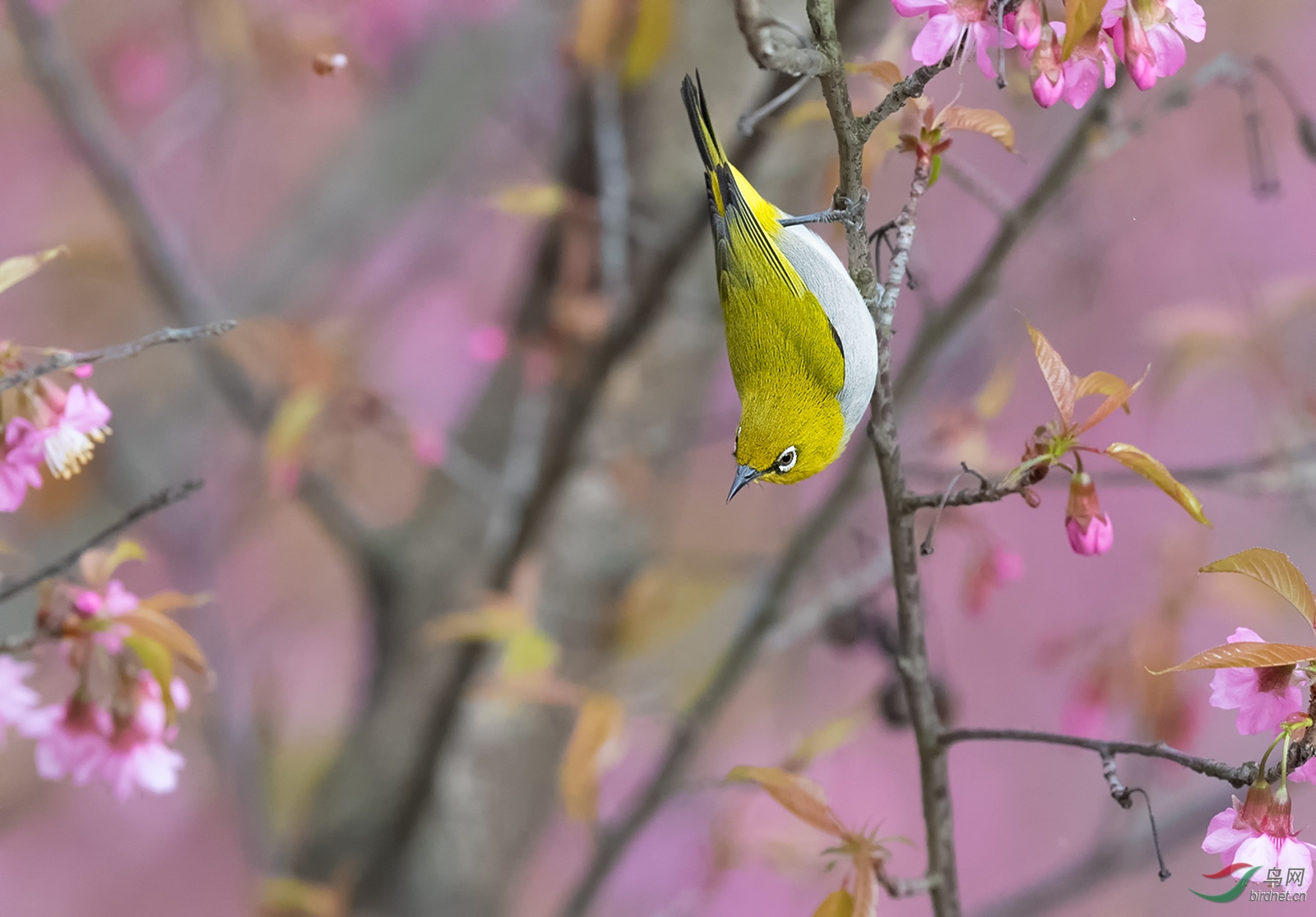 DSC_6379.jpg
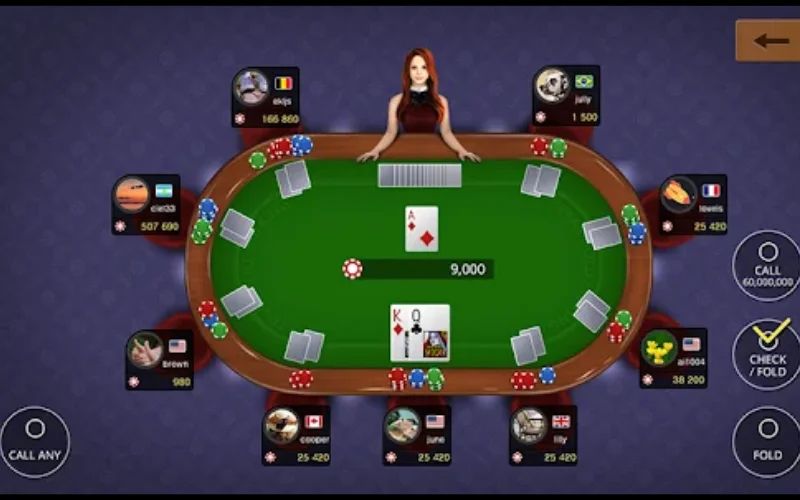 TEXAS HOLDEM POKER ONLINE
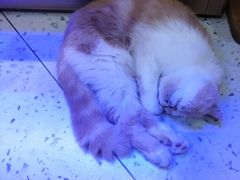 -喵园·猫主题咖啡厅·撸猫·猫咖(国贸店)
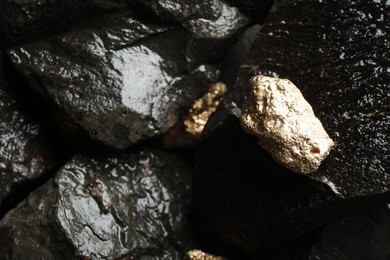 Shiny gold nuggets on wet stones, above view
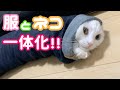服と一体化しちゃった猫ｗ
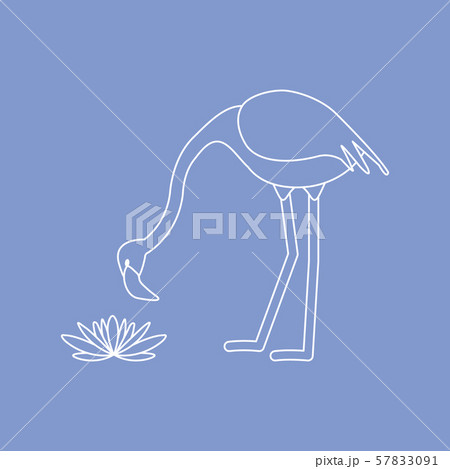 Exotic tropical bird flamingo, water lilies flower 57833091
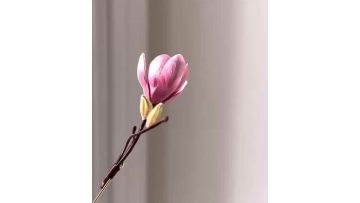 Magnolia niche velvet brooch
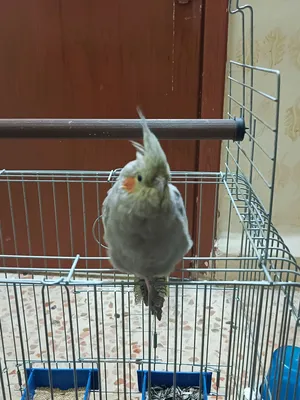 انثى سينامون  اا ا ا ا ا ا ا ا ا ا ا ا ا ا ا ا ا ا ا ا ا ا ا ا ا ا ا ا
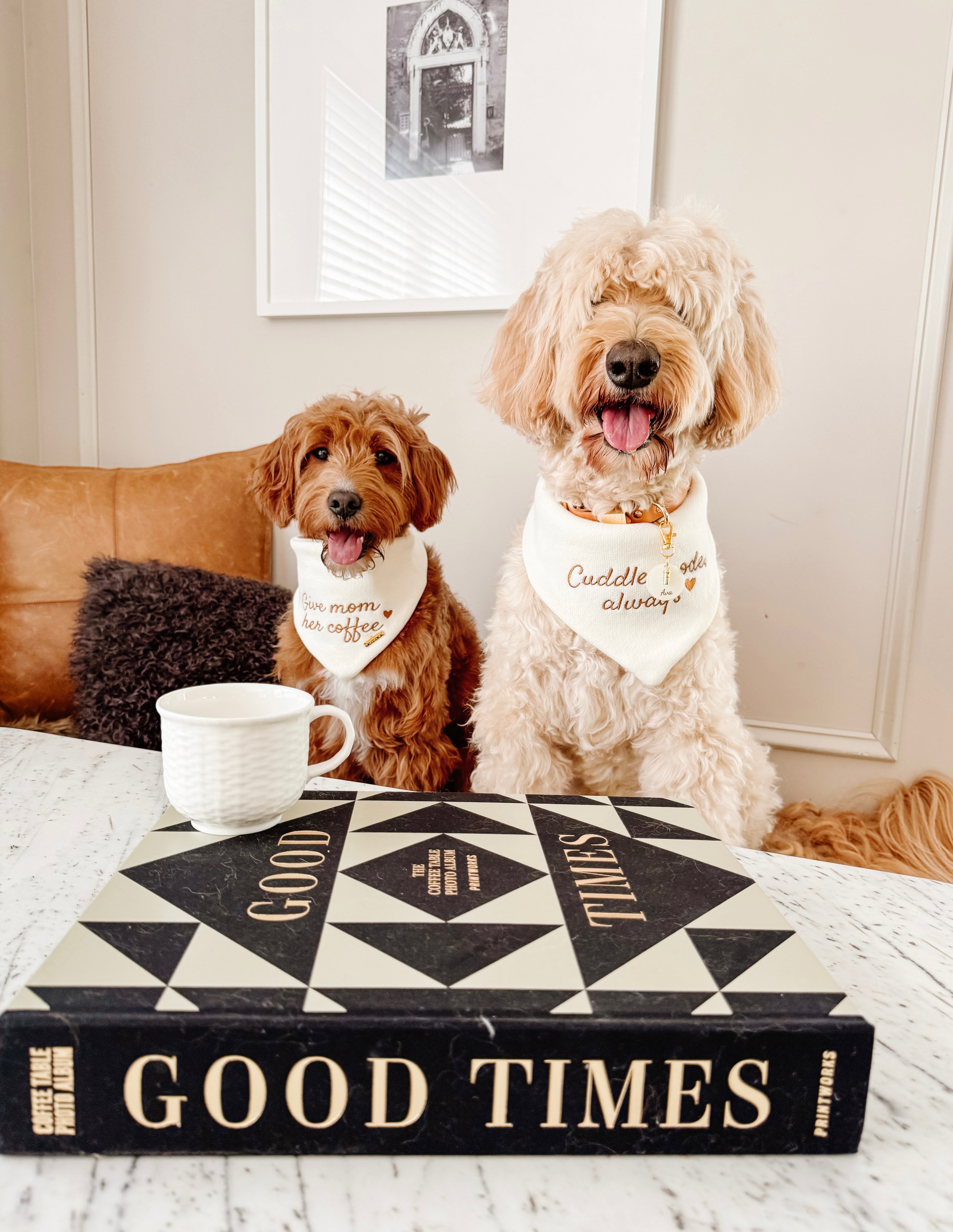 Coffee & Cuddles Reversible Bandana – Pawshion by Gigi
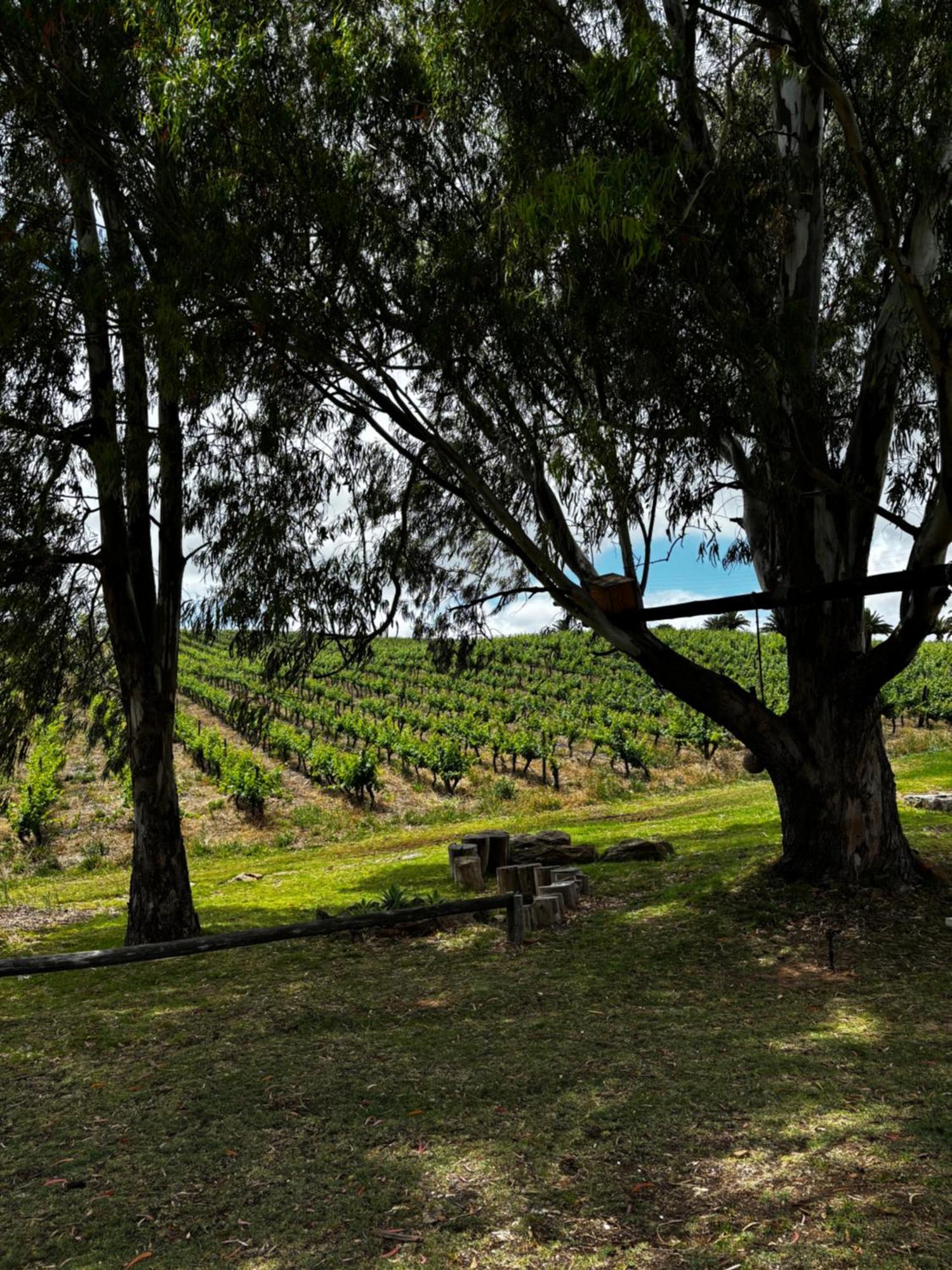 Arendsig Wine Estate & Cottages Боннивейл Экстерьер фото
□ □ □ □ □
Instructions to follow: Retype the records in full. Do not carry over the images.

Response:
 DSC_6379.jpg
 TEXAS HOLDEM POKER ONLINE
 -喵园·猫主题咖啡厅·撸猫·猫咖(国贸店)
 Shiny gold nuggets on wet stones, above view
服と一体化しちゃった猫ｗ
 Exotic tropical bird flamingo, water lilies flower 57833091
 Magnolia niche velvet brooch
 انثى سينامون  اا ا ا ا ا ا ا ا ا ا ا ا ا ا ا ا ا ا ا ا ا ا ا ا ا ا ا ا
 Coffee & Cuddles Reversible Bandana – Pawshion by Gigi
 Arendsig Wine Estate & Cottages Боннивейл Экстерьер фото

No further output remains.